Stockholders of Zimmer Biomet Holdings, Inc., brought a derivative law suit. Zimmer is a company that manufactures and markets various products in the highly regulated medical device industry. The plaintiffs’ claims stemmed from a September 12, 2016 “for cause” inspection of Zimmer’s North Campus site in Warsaw, Indiana by the U.S. Food & Drug Administration. The compliance problems identified during that inspection resulted in Zimmer issuing a blanket hold on shipments of products processed at the North Campus facility. Zimmer subsequently reported disappointing financial results for the third quarter of 2016, reduced its fourth quarter guidance, and saw its stock price fall 14%.
As with many derivative actions, a threshold issue was whether the plaintiffs’ failure to make a pre-suit demand on the Zimmer board was excused. Of the eleven-member board in place when this lawsuit was filed, the plaintiffs acknowledge that eight directors were independent. However, plaintiffs argued that making a demand would nonetheless have been futile because a majority of those directors face a substantial likelihood of liability.
However, the plaintiffs did not allege particularized facts to support that argument that directors faced a substantial likelihood of liability. Zimmer had an exculpation provision in its charter, meaning that the plaintiffs were required to plead facts suggesting a fair inference that the directors breached their duty of loyalty.
According to the Court, the only challenged disclosure that came close to directly implicating any of the Board members is the third quarter earnings release that was reviewed and approved by the Audit Committee.

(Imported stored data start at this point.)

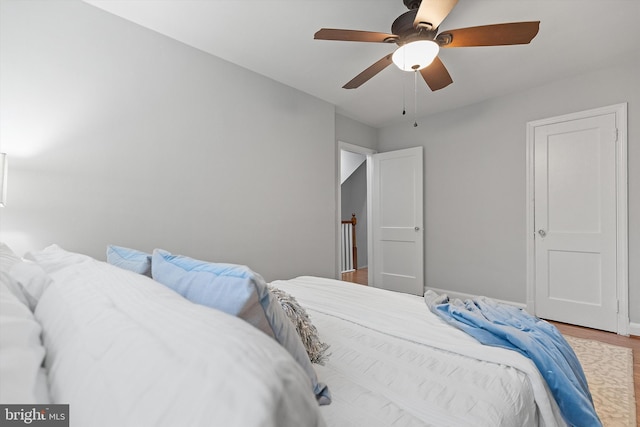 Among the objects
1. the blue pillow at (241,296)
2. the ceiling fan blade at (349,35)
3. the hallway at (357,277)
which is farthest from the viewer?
the hallway at (357,277)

On October 24, 2016, the Audit Committee—along with Zimmer’s officers, its counsel, and its external auditor—met to review the Company’s draft earnings release for the third quarter of 2016 and were given an “update on the ongoing FDA inspection” of the North Campus. After discussion, the Audit Committee members “expressed no objections” to the contents of the draft release.

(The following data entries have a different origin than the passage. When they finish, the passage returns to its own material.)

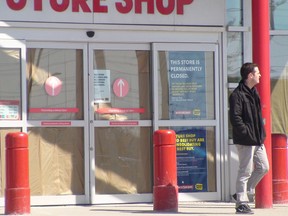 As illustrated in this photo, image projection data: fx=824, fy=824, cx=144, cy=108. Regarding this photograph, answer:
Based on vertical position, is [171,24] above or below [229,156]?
above

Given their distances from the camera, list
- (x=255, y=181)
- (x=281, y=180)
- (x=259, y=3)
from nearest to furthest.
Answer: (x=255, y=181) < (x=259, y=3) < (x=281, y=180)

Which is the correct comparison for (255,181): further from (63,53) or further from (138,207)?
(63,53)

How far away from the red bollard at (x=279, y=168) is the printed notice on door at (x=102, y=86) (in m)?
2.61

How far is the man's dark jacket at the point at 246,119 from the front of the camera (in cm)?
1044

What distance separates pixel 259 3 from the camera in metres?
11.5

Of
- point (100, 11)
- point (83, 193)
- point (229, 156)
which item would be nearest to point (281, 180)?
point (229, 156)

Citing well accepted law, the Court noted that whenever directors communicate publicly or directly with shareholders about the corporation’s affairs, with or without a request for shareholder action, directors have a fiduciary duty to shareholders to exercise due care, good faith and loyalty.” The duty of disclosure “is not an independent duty, but derives from the duties of care and loyalty.” The contours of that duty and what it requires of fiduciaries are context specific. Where (like here) the disclosures at issue did not concern a request for stockholder action, Malone v. Brincat requires that a plaintiff demonstrate scienter—i.e., that the directors “deliberately misinform[ed] shareholders about the business of the corporation, either directly or by a public statement.” Because Zimmer’s certificate of incorporation included an exculpatory provision under Section 102(b)(7), the plaintiffs “must plead particularized factual allegations that ‘support the inference that the disclosure violation was made in bad faith, knowingly or intentionally’” to establish demand futility.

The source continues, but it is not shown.